US bid for Vietnam nuclear reactor slowed by legal obstacle
Bidding by US companies and their foreign partners to build Vietnam’s second nuclear reactor was held up by lack of a bilateral nuclear cooperation agreement, officials said Thursday.
Vietnam has contracted with Russia’s Atomstroyexport to constructits first nuclear reactor by 2020.
US-based Westinghouse Electric Company LLC and Japan’s Hitachi-GE Nuclear Energy Ltd are bidding to build a second reactor. But because both use US-developed nuclear technology, they must wait for the US and Vietnam to sign a so-called 123 Agreement under the US Atomic Energy Act.
“Due to this procedure, the cooperation between Vietnam and the US is slower than the others,” said Dr Ngo Dang Nhan, head of the Vietnam Agency for Radiation and Nuclear Safety (VARANS).
A US delegation is to visit Vietnam to discuss the 123 Agreement in early July, said Michael Michalak, the US ambassador to Vietnam.
Nhan and Michalak spoke at a conference on nuclear power plant technology and safety in Hanoi.
In a presentation at the conference, nuclear scientist Dr Phuc Dai Tran said Vietnam had selected Atomstroyexport’s VVER-1000 AES-2006 design for its first reactor because of performance advantages over Western reactors.
No reactor of that type is yet in operation.
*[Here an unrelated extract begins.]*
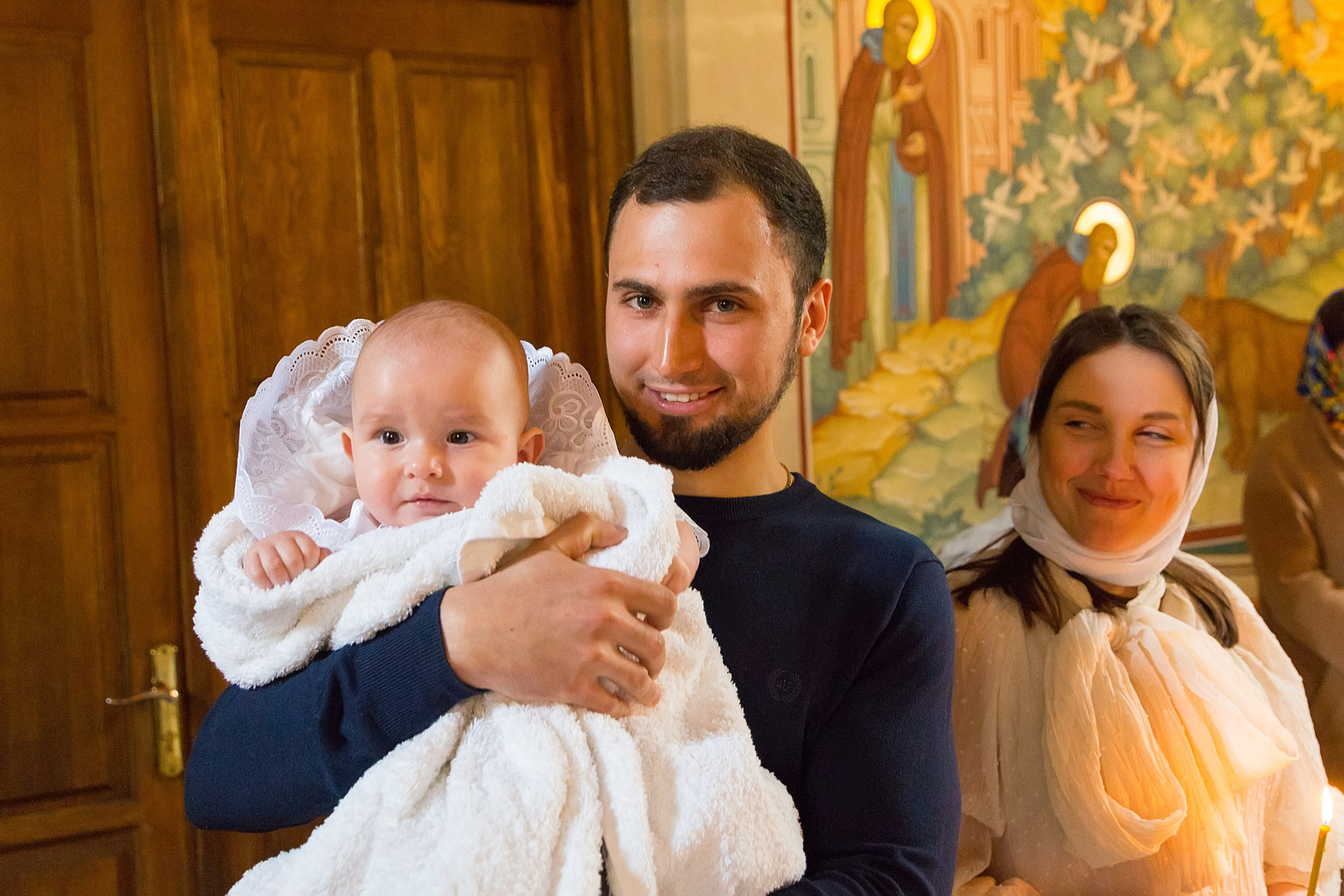 Таинство Крещения. Семейный и детский фотограф в Москве Екатерина Лебедева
The first AES-2006 reactor is scheduled come online in Russia in 2012.
Reporters at the conference asked whether the decision to employ a new reactor design for the country’s first nuclear plant meant Vietnam was being used as a guinea pig.
“It’s good that journalists are interested, but it’s really not a problem,” said Nhan. “Planners have to follow safety standards.”